仕事は福祉系。読書は雑食性。業務連絡はnsa59871atmarkexcite.co.jpへどうぞ。

【1489冊目】アーサー・ミラー『セールスマンの死』

人類・人間・人生

アーサー・ミラー〈1〉セールスマンの死 (ハヤカワ演劇文庫)

アーサー・ミラー〈1〉セールスマンの死 (ハヤカワ演劇文庫)

ウイリー・ローマンは未来の私か。読みながら、背筋が寒くなった。

主人公ウイリーは、営業一筋のセールスマン。かつてはやり手だったらしいんだけど、今や固定給ゼロの完全歩合制。一日数時間かけて遠方にセールスに出向いてもまったく売れないため収入ゼロが続き、友人のチャーリイから借りた金を給料だと言って妻に渡している。

家のローンや車の修理費などで家計は火の車。二人の息子はどちらも定職につかず、しかも息子(特に長男のビフ)との仲は最悪で、会えば必ずケンカになってしまう。

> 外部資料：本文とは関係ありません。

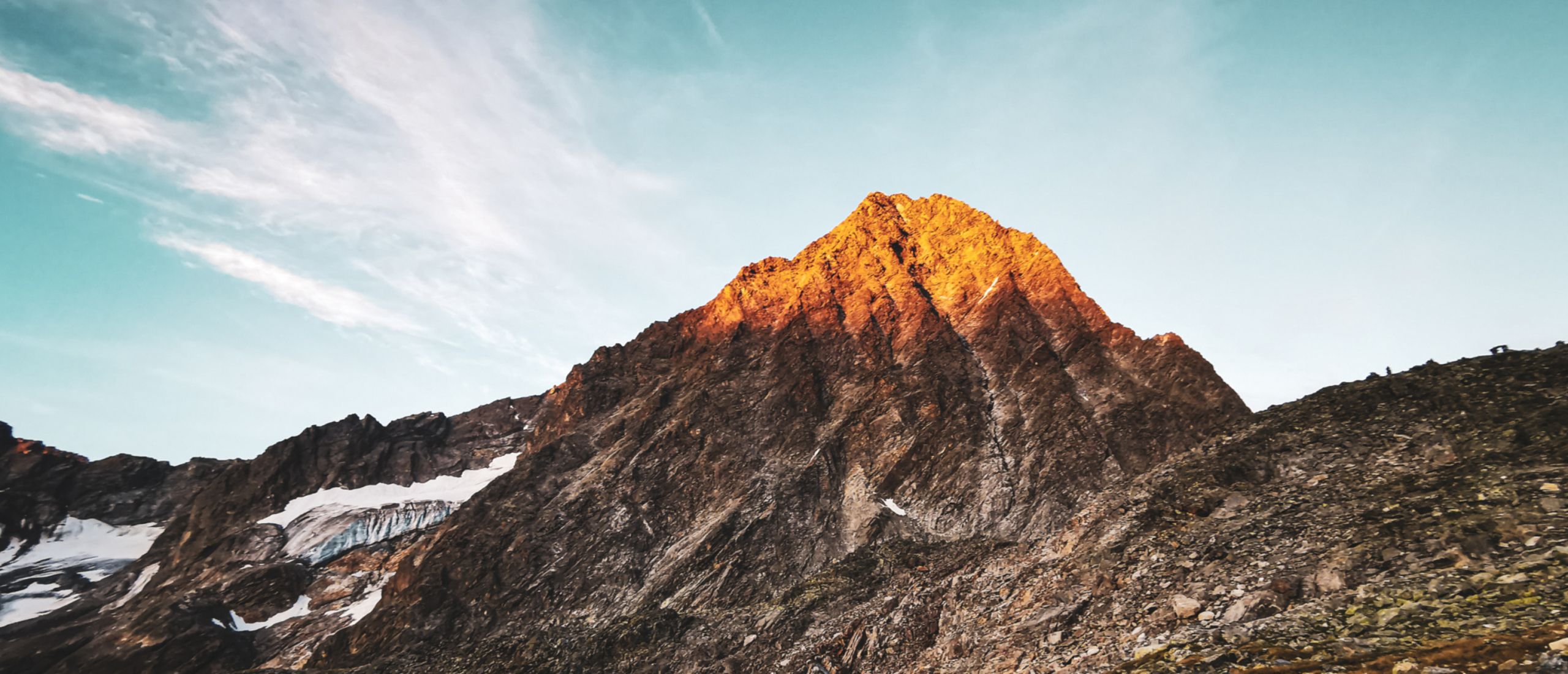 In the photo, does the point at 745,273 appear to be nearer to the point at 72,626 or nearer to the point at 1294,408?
the point at 1294,408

ウイリーもう60代。過去の栄光を持ち出し、今もみんな自分を知っているはずだ、と威張る姿は痛いのなんの。しかも自分が古参の従業員であるというだけで、今の雇い主であるハワードをガキ扱いし、昔と同じ調子で接してしまい、ついにはクビに……。

自分の人生って何だったのか。今までやってきたことはなんだったのか。そこがすべて崩されるとき、男は弱い。ウイリーはそんな、すべてのサラリーマンが迎えるかもしれない将来の姿だ。それが分かるからこそ、死を選ぶウイリーに、どうしようもなく未来の自分を重ねてしまうのだ。だからこの戯曲は「怖い」。

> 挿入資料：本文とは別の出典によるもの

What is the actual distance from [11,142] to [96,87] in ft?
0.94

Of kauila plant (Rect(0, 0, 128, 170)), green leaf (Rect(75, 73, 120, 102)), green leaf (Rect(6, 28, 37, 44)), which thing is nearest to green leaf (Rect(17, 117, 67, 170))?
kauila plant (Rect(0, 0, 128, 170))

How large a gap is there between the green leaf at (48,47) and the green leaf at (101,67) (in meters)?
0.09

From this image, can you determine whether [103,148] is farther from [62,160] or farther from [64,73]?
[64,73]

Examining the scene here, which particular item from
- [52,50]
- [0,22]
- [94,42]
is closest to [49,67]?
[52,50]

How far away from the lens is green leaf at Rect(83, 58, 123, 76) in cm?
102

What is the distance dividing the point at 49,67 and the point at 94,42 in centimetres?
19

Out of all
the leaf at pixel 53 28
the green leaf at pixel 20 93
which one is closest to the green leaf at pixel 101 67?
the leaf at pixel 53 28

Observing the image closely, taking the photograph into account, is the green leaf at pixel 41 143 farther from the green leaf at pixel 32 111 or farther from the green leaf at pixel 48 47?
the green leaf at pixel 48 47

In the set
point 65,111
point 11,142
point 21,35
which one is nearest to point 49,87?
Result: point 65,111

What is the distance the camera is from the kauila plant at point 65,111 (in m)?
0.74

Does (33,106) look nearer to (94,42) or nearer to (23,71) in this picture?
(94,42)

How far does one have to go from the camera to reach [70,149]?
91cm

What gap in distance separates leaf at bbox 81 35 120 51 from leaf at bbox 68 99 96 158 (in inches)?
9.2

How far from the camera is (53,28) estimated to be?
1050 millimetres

特にウイリーが死に、寂しい葬式が終わったあと、チャーリイが語る次のセリフは、私には涙なくして読めなかった。

「ウイリーはセールスマンだった。セールスマンには、基盤というものがないのだ。ナットでボルトを締められるわけじゃなし、法律に通じているわけじゃなし、薬も作れない。靴をぴかぴかに磨き、にこにこ笑いながら、はるか向こうの青空に、ふわふわ浮いている人間なのだ。だから、笑いかけても、笑いかえしてもらえないとなると、さあ大変――地震と同じだね。それに、帽子にシミを二、三カ所つけていたら、もうおしまい。誰だってこの人を責めるわけにはいかない。セールスマンは夢に生きるものなのだ。その夢は、受持ち区域にあるのだ」(p.220)

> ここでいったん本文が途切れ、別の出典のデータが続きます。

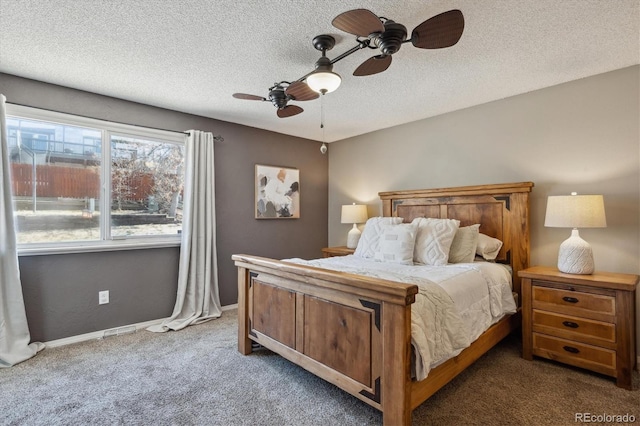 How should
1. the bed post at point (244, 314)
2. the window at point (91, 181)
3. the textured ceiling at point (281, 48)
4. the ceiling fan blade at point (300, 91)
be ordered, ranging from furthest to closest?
1. the window at point (91, 181)
2. the bed post at point (244, 314)
3. the ceiling fan blade at point (300, 91)
4. the textured ceiling at point (281, 48)

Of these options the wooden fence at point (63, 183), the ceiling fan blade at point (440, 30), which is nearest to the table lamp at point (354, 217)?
the wooden fence at point (63, 183)

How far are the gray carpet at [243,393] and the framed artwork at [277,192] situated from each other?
2.10m

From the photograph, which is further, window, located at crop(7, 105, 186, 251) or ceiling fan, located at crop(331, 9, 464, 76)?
window, located at crop(7, 105, 186, 251)

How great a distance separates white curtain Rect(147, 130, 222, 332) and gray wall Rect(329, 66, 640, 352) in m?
2.45

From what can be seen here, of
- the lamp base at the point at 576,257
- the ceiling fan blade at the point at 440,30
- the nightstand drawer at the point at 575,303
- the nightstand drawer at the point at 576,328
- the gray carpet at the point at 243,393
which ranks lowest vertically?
the gray carpet at the point at 243,393

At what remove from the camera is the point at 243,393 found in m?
2.07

悲哀と割り切るのはカンタンだ。でもここに人生を預けてしまっている以上、それだけでは済まされないのっぴきならなさが、ここにはある。本書を読んだことが自分の人生を振り返るキッカケになるか、「読まなければよかった」一冊になってしまうかは、すべてアナタ次第。私は……ちょっとヤバい、かも。